Leveraging Microsoft R and in database analytics of SQL Server with R Services through Alteryx Designer
This post is authored by Bharath Sankaranarayan, Principal Program Manager at Microsoft.
Being part of the Microsoft R Product team I get to use Microsoft R regularly, but not often with a drag-and-drop editor that simplifies the effort needed to build a solution using machine learning. In this blog, I will take you through a tour of how Microsoft R Server and SQL Server 2016 with R Services work in Alteryx, something that the Microsoft R product team and Alteryx worked on. The release of Alteryx Designer 11 added capabilities of in-database analytics that was made available in SQL Server 2016. I am going to assume you have Alteryx set up. If not, you can get a trial version of the designer through Alteryx.
I wanted to try how to model training and scoring (prediction) work with Alteryx Designer without writing code, and see how in-database analytics work with SQL Server using the in-DB tools that Alteryx has built. I also wanted to do a comparison with the local Microsoft R version based on Open R. As I already had Microsoft R Server 9.0.1 installed locally, when I installed the Alteryx Predictive Analytics Tools it detected that I had Microsoft R Server and enabled the features. You can follow the instructions here for your needs.
The scenario that I had was a simple one in that I wanted to target customers who are likely to respond to a new marketing campaign as it related closely to the Marketing Campaign Optimization solution that we released. The dataset used was synthetic but nevertheless was good for this. For model training, I used the data from customers who responded to a direct mail and this was labelled data. I also had the data with past transaction data of the customer spend and frequency. Lastly, I used the demographic data that had the geography and the age band. I used these datasets to augment the training dataset. For scoring (prediction) I used the customers with spend and demographic data. As the goal was to determine the likelihood of a customer who is likely to respond, the problem fell into a classification problem.
Alteryx Designer uses workflows and you can think of this as the canvas where you drop the widgets and then you connect the widgets. I hardly had to write much code! All my data was in CSV files but it was not a problem, I loaded the data over to a SQL Server database in Azure. While configuring the SQL Server 2016 VM on Azure I enabled it for R Services, an option that you can do on the Azure Portal. You also have the option of using a Data Science VM that has all the tools ready to go for you including SQL Server, which is packed with a slew of other goodies. I configured the connection to SQL Server through Alteryx and used the ODBC Native Client, but you could use SQL OLEDB or SQL Server – all of them work and this is fantastic.
As I was focused on leveraging in-database capabilities I pushed all the data to SQL Server. The loading of the data was a breeze using the Data Stream-in widget. I used the same widget to load the demographic and the customer spend data. I could quickly review the data via the Browse in-DB widget and filtered to browse the first 100 rows, something that you can configure. Likewise, it was easy to do filtering, joining and de-duping.

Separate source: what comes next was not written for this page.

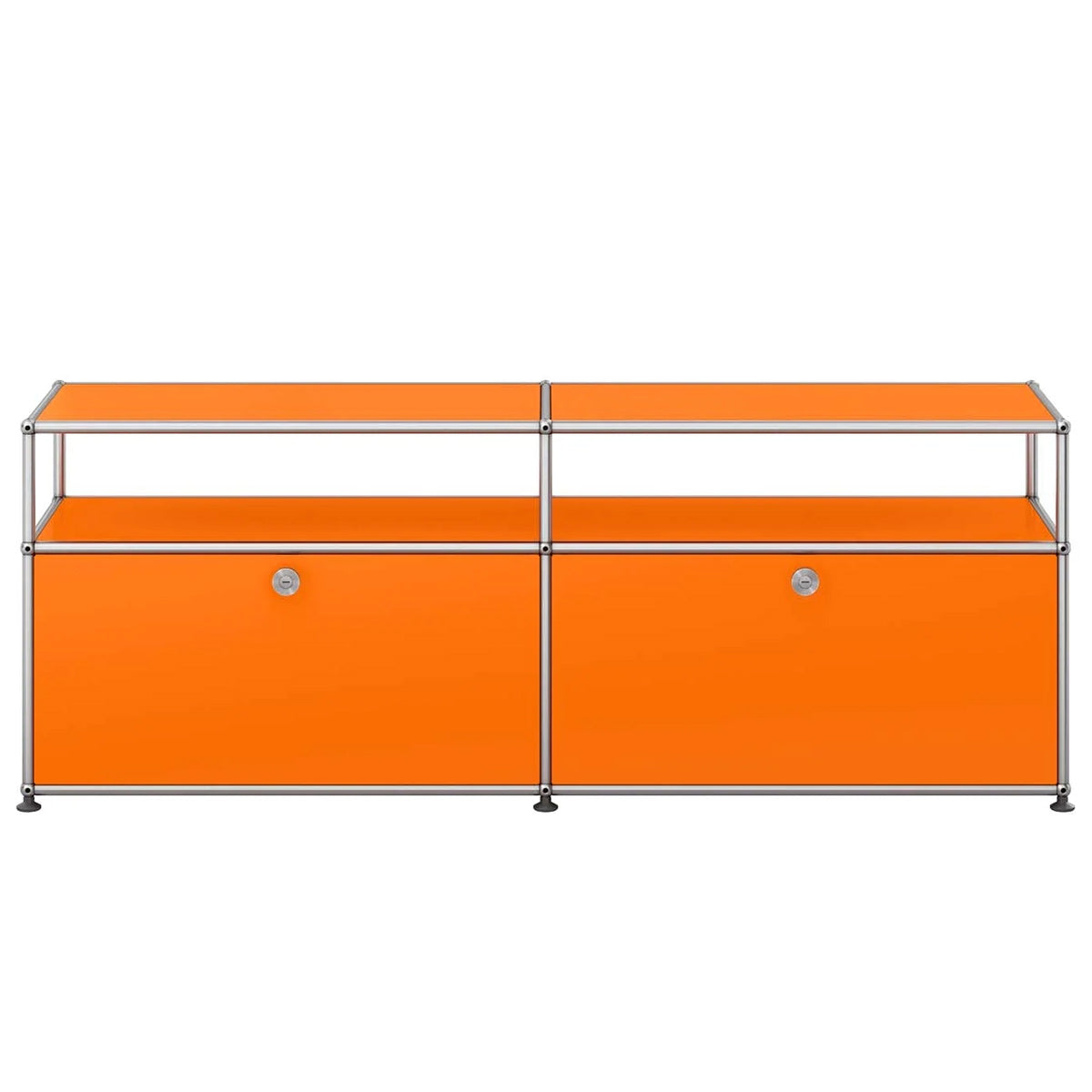 USM Tall Media Unit | Orange Lacquer Panels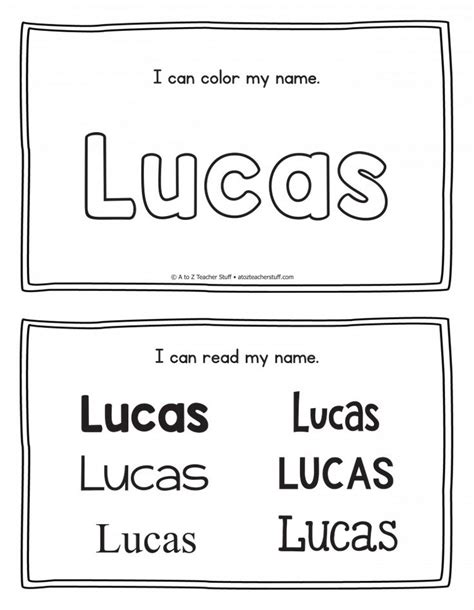 Lucas – Name Printables for Handwriting Practice | A to Z Teacher Stuff ...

The next step was to determine the best algorithm and as this being a binary classification problem I decided to use the Logistic Regression model. As soon as I dropped the Logistic Regression widget on the canvas, the designer automatically knew I was connecting to a SQL Server data source and provided me the in-DB version of the predictive tool. All I had to do was to connect to the right nodes on the widget for modeling and then the right data for scoring. Once I did this I picked the target variable (respond) and the predictor variables (spend and visits) all using the Alteryx Designer.
Once I verified I had the right connections and verified them after fixing the errors which were primarily due to lack of intimate knowledge, I got the workflow going. The Alteryx Designer visually shows which components are executing and provides a summary upon completion (Figure 3). Once I had the basic model working I started adding additional features such as reporting to validate my model all the way to exporting the data from the scoring over to a variety of formats including writing to the database.
While I did the classic Logistic regression, I also tried a few more models like Forest and Decision Trees and it was equally easy to implement and the results were comparable. To compare how the in-DB version performed against the Logistic Regression model that is included with Microsoft R Server I included it in my canvas. Both performed nearly the same in terms of the results but the local version seemed to be a bit faster and as my data size was not very large this was the reason.
Having worked with R, not writing code felt a bit weird but I soon started to get comfortable using a visual editor and started to enjoy using it. I will admit that things did not work on first try akin to coding, but I did not feel that I could not complete the work. I barely knew how to use the Alteryx tool, but within a few days I was being productive. I have only scratched the surface, yet Alteryx designer together with Microsoft R Server combined with in-database analytics with R Services is packed with features that will meet your entire enterprise needs!